Estimated rates of fatal drug, food, and venom anaphylaxis compared with other risks for the general population. Reference risks are for the US population, unless otherwise stated. Bars represent the range of estimates from recent population-based studies of fatal anaphylaxis.

Not all drug anaphylaxis studies report fatalities, and it is unclear whether the drugs causing nonfatal anaphylaxis are the same as those causing fatal or near-fatal anaphylaxis. Hospitalization could be viewed as a marker of anaphylaxis severity, but fatal drug anaphylaxis events may occur because of in-patient use of medication rather than as a consequence of drug-induced anaphylaxis in the community; and even for hospitalized anaphylaxis, fatalities are uncommon.14, 19, 20 In Australia, the ratio of deaths to hospitalizations relating to non-food anaphylaxis was 11:1000.7 The precise proportion of drug anaphylaxis that results in a fatal outcome is not known. In Denmark, the 30-day mortality of patients admitted for anaphylactic shock (any cause) was less than 1%, and vasopressor use or mechanical ventilation was reported in less than 3% of admissions.20 The latter interventions can be considered as evidence for severe anaphylaxis21 (and possibly “near-fatal” anaphylaxis, but there is no consensus over these definitions).

The causative agent in drug-induced anaphylaxis may differ by country and method of data collection.
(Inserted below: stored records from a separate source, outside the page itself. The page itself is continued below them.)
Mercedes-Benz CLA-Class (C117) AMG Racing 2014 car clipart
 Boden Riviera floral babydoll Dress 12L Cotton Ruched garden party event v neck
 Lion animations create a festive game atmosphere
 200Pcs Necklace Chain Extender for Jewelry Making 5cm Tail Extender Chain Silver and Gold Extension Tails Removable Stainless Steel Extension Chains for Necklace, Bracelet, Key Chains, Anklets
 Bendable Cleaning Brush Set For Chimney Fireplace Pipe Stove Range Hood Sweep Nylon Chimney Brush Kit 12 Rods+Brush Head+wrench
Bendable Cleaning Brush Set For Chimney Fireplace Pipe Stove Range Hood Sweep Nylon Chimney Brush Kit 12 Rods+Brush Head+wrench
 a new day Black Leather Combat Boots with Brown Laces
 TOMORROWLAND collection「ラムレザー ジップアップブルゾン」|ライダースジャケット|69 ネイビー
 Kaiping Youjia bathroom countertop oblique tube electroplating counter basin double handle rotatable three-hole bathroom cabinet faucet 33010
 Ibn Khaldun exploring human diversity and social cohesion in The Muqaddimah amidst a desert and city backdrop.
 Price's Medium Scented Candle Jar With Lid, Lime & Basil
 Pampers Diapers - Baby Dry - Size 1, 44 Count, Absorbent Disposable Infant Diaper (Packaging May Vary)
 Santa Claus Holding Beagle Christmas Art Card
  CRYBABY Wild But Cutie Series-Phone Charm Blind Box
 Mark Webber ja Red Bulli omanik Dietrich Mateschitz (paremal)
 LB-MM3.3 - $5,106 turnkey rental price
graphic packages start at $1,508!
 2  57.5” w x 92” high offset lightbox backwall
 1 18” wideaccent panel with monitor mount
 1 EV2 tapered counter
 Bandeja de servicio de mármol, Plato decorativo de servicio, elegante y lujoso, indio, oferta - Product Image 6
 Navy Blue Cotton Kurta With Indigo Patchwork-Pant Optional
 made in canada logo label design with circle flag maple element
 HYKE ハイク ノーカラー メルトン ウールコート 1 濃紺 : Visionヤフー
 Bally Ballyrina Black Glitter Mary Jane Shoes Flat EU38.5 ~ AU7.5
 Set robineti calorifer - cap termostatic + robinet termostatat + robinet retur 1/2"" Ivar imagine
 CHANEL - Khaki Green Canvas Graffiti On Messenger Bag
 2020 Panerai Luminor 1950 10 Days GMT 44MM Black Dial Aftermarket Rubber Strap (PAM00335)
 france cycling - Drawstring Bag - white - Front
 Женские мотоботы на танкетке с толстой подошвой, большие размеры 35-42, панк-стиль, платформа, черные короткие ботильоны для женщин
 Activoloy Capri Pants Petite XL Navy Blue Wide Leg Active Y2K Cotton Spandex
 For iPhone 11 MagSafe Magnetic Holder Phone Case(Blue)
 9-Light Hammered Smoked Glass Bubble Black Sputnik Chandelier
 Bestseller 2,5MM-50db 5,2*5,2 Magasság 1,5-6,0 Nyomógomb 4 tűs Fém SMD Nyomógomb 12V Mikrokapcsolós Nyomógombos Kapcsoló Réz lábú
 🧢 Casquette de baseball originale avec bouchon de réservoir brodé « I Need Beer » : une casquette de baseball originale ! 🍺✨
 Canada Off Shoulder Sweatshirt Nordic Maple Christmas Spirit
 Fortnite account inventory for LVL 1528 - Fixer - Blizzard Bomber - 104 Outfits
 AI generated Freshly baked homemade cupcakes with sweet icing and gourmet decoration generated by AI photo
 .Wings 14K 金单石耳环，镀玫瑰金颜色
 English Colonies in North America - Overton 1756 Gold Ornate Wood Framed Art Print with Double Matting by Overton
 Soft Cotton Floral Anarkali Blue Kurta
Antibiotics (predominantly penicillins and cephalosporins)6, 22, 23, 24 are often the most common drugs associated with fatal drug anaphylaxis, although in the United Kingdom general anesthetics are the most common identified group, of which neuromuscular blocking agents are the leading trigger.10, 14 Radiocontrast agents are the leading cause in at least one hospital-based study in South Korea, and also feature prominently in recent studies from Australia and Canada.25, 26, 27, 28, 29, 30, 31, 32, 33, 34, 35 Similarly, a recent US report found that radiocontrast agents caused more fatal drug anaphylaxis than penicillin and cephalosporins combined.6 This suggested that radiocontrast administration may carry a relatively high “per injection” fatality risk compared with these frequently used antibiotics.36 Although nonsteroidal anti-inflammatory drugs are frequently associated with anaphylaxis, they do not appear to be a common trigger of fatal anaphylaxis.18

Risk factors

Older age has been consistently associated with higher fatal drug anaphylaxis rates.6, 7, 14 In the United Kingdom, the mean age for fatal drug anaphylaxis was 58 years,14 and in Australia, most drug anaphylactic fatalities occurred between 55 and 85 years.7 This may be related to increased prevalence of drug allergy due to increased drug exposure, and increased cardiovascular vulnerability, in older age groups. No consistent gender predilection has been noted in studies on drug-associated anaphylaxis; however in the United States, a significant association with African American ethnicity has been noted.6 The role of comorbidities as a purported risk for fatal drug anaphylaxis has not been supported in many studies, and such morbidities are of course common in older people. However, one recent study reported 71% of fatal drug anaphylaxis occurred in people with known cardiovascular disease, and 39% in those with known asthma or emphysema.11 In a French study of neuromuscular blocker-associated severe anaphylaxis (N = 1247), male gender, hypertension, cardiovascular disease, obesity, and beta-blocker use were all associated with fatal outcome, and respiratory disorders were not associated with fatal outcome.13 Neuromuscular blocking agent anaphylaxis may be promoted by cross-sensitization induced by the use of a cough medicine, pholcodine.37, 38, 39, 40, 41 This hypothesis is supported by the reduction of general anesthetic anaphylaxis in Norway after pholcodine was removed from the market.39 Although antihypertensive drugs are considered risk factors for severe anaphylaxis,42, 43, 44 this class of drugs was not prominent among confirmed fatal drug anaphylaxis cases.6, 11, 14

A small but significant number of fatalities occur due to a drug administration error, that is, the patient was already known to be allergic to the relevant drug, or a closely related drug.45 This was most clearly reported in Australia, where 9 of 27 cases of fatal penicillin or cephalosporin anaphylaxis were known to be penicillin-allergic.11

Practical implications of fatal drug anaphylaxis data

  • Drug-induced anaphylaxis is the most common cause of fatal anaphylaxis in most regions where data are available, but is rare relative to nonanaphylactic causes of mortality.

  • The incidence of fatal drug anaphylaxis may be increasing, in contrast to other causes of fatal anaphylaxis.

  • People older than 50 years with pre-existing cardiovascular morbidity appear to be at highest risk for fatal drug anaphylaxis, and drug administration errors account for a significant proportion of cases.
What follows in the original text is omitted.